アンブラ、ダルバート、ミールス、タ―リーなど、インド/ネパール/スリランカ料理の違いが認識でき、これにビリヤニも加えて、メニューのローテーションが組めるようになった。十数店を巡った結果、行きつけの店も45店に絞れた。メニューと店のマトリックス表がかなり充実してきた。しかし、上には上がいる。カレー通が「碩学せきがく」に至るまでに費やす金と流す汗と試行錯誤のエネルギーの総量は、ランチタイムにうまいカレーを食べたいという程度のぼくの熱量をはるかに凌駕する。
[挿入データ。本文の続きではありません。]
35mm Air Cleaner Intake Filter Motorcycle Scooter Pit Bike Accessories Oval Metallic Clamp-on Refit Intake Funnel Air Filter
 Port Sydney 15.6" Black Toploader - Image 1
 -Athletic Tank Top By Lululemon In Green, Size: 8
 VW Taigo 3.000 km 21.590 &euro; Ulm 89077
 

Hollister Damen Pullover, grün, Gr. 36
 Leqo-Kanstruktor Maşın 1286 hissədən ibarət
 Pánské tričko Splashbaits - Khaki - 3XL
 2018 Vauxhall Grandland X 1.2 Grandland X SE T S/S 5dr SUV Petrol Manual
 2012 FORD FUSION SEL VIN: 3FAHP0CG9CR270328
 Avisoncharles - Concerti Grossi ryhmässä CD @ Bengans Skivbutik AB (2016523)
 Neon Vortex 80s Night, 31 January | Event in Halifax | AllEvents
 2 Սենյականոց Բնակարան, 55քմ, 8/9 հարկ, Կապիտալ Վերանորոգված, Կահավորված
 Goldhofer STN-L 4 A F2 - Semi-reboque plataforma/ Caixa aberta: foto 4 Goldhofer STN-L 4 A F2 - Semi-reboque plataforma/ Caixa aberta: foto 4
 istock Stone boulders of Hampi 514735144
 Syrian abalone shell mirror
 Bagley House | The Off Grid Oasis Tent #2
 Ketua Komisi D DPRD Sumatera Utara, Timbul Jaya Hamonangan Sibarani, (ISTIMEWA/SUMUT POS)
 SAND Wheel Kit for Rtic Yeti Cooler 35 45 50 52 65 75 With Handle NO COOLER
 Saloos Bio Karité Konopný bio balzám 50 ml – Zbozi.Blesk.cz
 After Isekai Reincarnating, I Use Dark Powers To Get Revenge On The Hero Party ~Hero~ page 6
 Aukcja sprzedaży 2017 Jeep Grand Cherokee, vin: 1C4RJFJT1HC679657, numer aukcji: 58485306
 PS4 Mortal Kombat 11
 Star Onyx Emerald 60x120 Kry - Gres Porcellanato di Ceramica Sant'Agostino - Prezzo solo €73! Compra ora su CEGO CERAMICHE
老舗のスリランカカレーの店で見た二十代半ばの男を思い出す。当時、ぼくはアンブラ、ダルバート、ミールス、タ―リーの違いがよくわかっていなかった。男は席に着く前に厨房に向かって「アンブラ」と告げた。つぶやくような小声とスムーズな振る舞いが「通」を感じさせた。テーブルに運ばれたアンブラを横目で見た。まさか、こう来るとは……想像を超えていた。人が食べる料理がおいしそうに見えたら後日必ず注文する。それがぼくの流儀。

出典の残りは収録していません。